We can use the <iomanip> library to quickly and easily display the byte values in hexadecimal. Here's an example:

#include <iostream>
#include <iomanip>

template <typename AnyDataType>
void PrintDataBytes(AnyDataType &Value) {

  const unsigned int SizeOfValue { sizeof( Value ) };
  unsigned char *bytes { reinterpret_cast<unsigned char *>(&Value) };
  
  for (int i = SizeOfValue - 1; i >= 0; i--) {
  
    std::cout << std::hex          // PRINT HEXADECIMAL DIGITS
              << std::uppercase    // PRINT IN UPPERCASE LETTERS
              << std::setfill('0')  // PAD DIGITS WITH ZERO
              << std::setw(2)       // SET THE HEX WIDTH TO 2 CHARACTERS
              << static_cast <unsigned int>(bytes[i])
              << " ";
  }
}


int main() {

  unsigned int Value1 { 0x4A4F5921 };
  PrintDataBytes(Value1);
  
}

(Screenshot from Android phone using the CxxDroid - C++ Compiler IDE)

Speaking of the base-2 (binary) number system, C++ offers a great way to display integer data as binary numbers. Here's an example:

#include <iostream>
#include <iomanip>
#include <string>

template <typename AnyDataType>
void PrintDataBits(AnyDataType &Value) {

  const unsigned int SizeOfValue { sizeof( Value ) };
  unsigned char *bytes { reinterpret_cast<unsigned char *>(&Value) };

    for (int i = SizeOfValue - 1; i >= 0; --i)
    {
        std::cout << std::bitset<8>{bytes[i]} 
                  << "  ";
    }

    std::cout << "\n\n";
}


template <typename AnyDataType>
void PrintDataBytes(AnyDataType &Value) {

  const unsigned int SizeOfValue { sizeof( Value ) };
  unsigned char *bytes { reinterpret_cast<unsigned char *>(&Value) };

  for (int i = SizeOfValue - 1; i >= 0; i--) {
    
    std::cout << std::hex           // PRINT HEXADECIMAL DIGITS
              << std::uppercase     // PRINT IN UPPERCASE LETTERS
              << std::setfill('0')  // PAD DIGITS WITH ZERO
              << std::setw(2)       // SET THE HEX WIDTH TO 2 CHARACTERS
              << static_cast <unsigned int>(bytes[i])
              << " ";

  }
  
  std::cout << "\n";
} 


int main() {
  
  unsigned int Value1 { 0x4A4F5921 };
  PrintDataBytes(Value1);
  PrintDataBits(Value1);

}

(Screenshot from Android phone using the CxxDroid - C++ Compiler IDE)

IN CLOSING:

C++ provides an exceptional amount of tools to create solutions with low-level to high-level parts, providing very safe methods to extremely unsafe methods. Which ever path a developer chooses to take when creating a solution in C++, it is important to learn, understand, and remember the underlying systems so we can craft better solutions.

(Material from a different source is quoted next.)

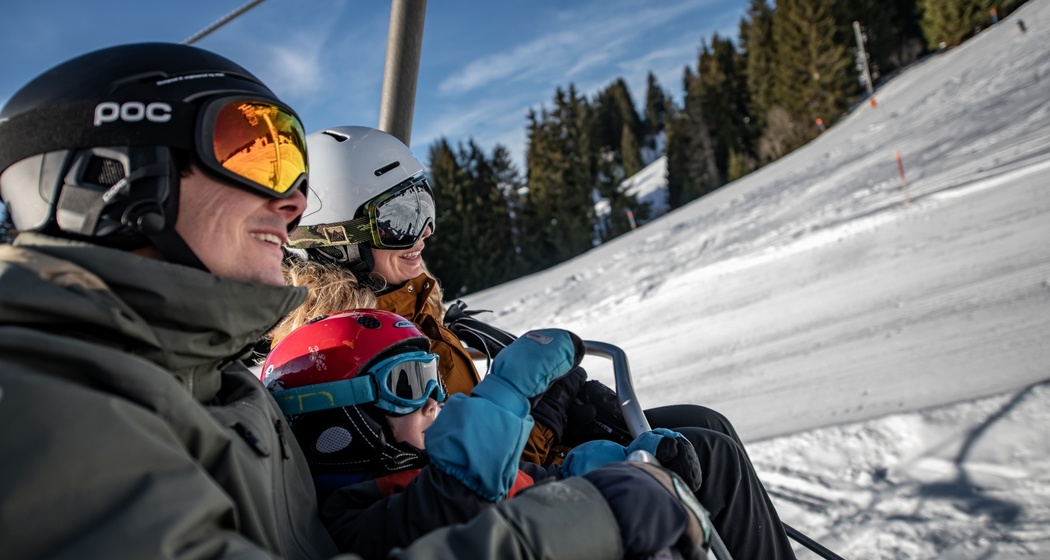 Das Foto zeigt eine Familie die auf dem Sessellift hinaufsteigen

You may have noticed I never used "using namespace std", nor "std::endl" in any of the code above.

The using statement should never be used as it puts all of the standard library into the main space which can cause naming collision and other issues. It's also a poor coding practice.

The "std::endl" function... It is not critical to use in simple demos like this.